U.S. airports reopened in time for Armstrong to fly from Cincinnati, but the
space center remained on high security.
In the transcript of the official interview, posted Sept. 2 by NASA at www.jsc.nasa.gov/
history/oral_histories/a-b.htm, Armstrong mentioned the attacks briefly --
once, to acknowledge the need to carry on despite the shock, and, another
time, to praise the crew and passengers on the hijacked United Flight 93,
which crashed in a Pennsylvania farm field rather than into a U.S. building.

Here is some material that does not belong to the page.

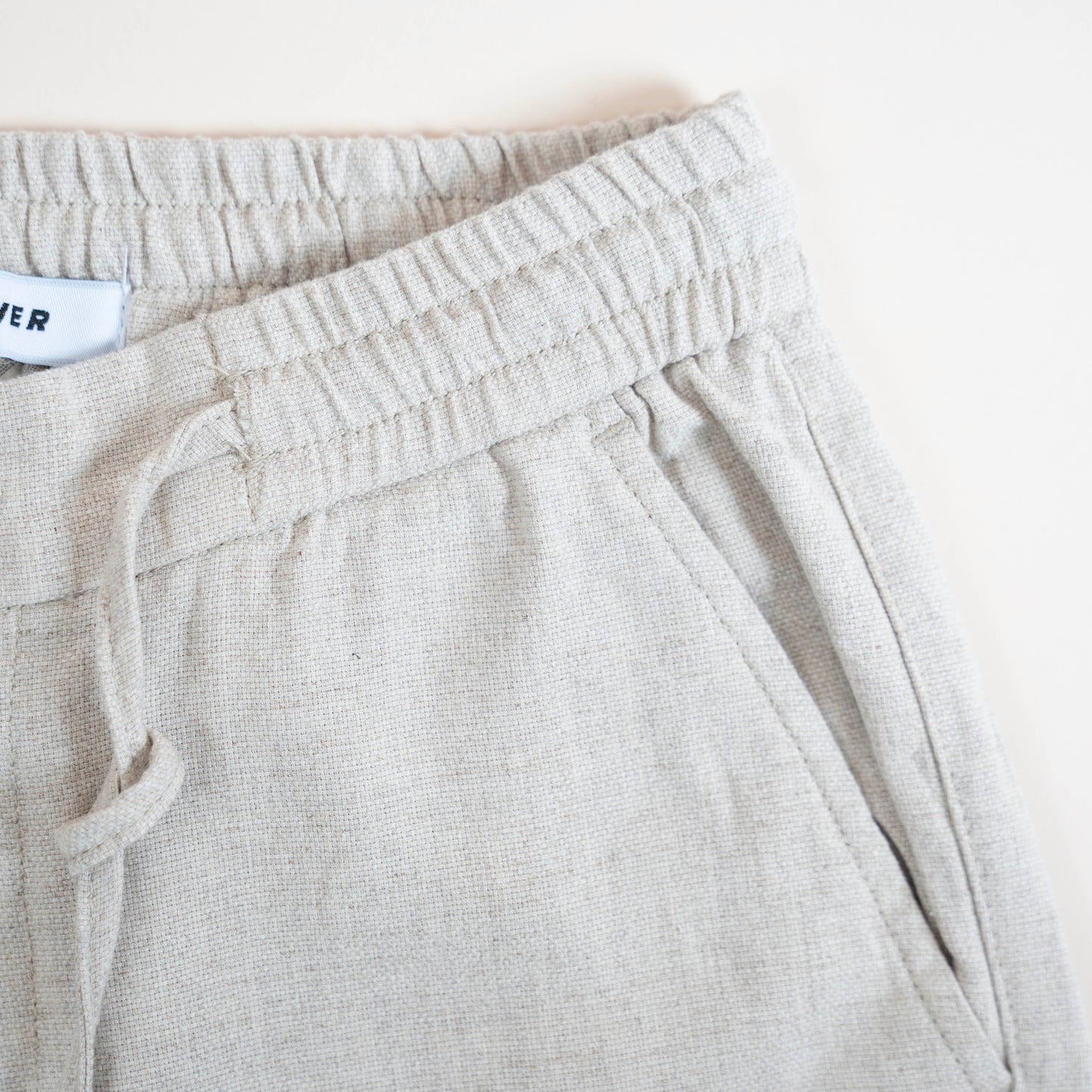 Pantalon en Lin Relax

And then there's Armstrong's modesty, a deep personality trait. The word most
used to describe Armstrong by those who have interviewed him is "self-deprecating."
"Neil feels that all of the attention [on him] is misplaced," says Andrew Chaikin, author of A Man on the Moon: The Voyages of the Apollo Astronauts (Viking Penguin), who interviewed Armstrong for more than two hours in 1988 for his book.
"We
focus on the guys who [walked on the moon] because it's the most dramatic
story," Chaikin says. "But the real legacy of Apollo is what those
400,000 people [working for and with NASA] accomplished over a decade."
For Armstrong, those workers are the true heroes.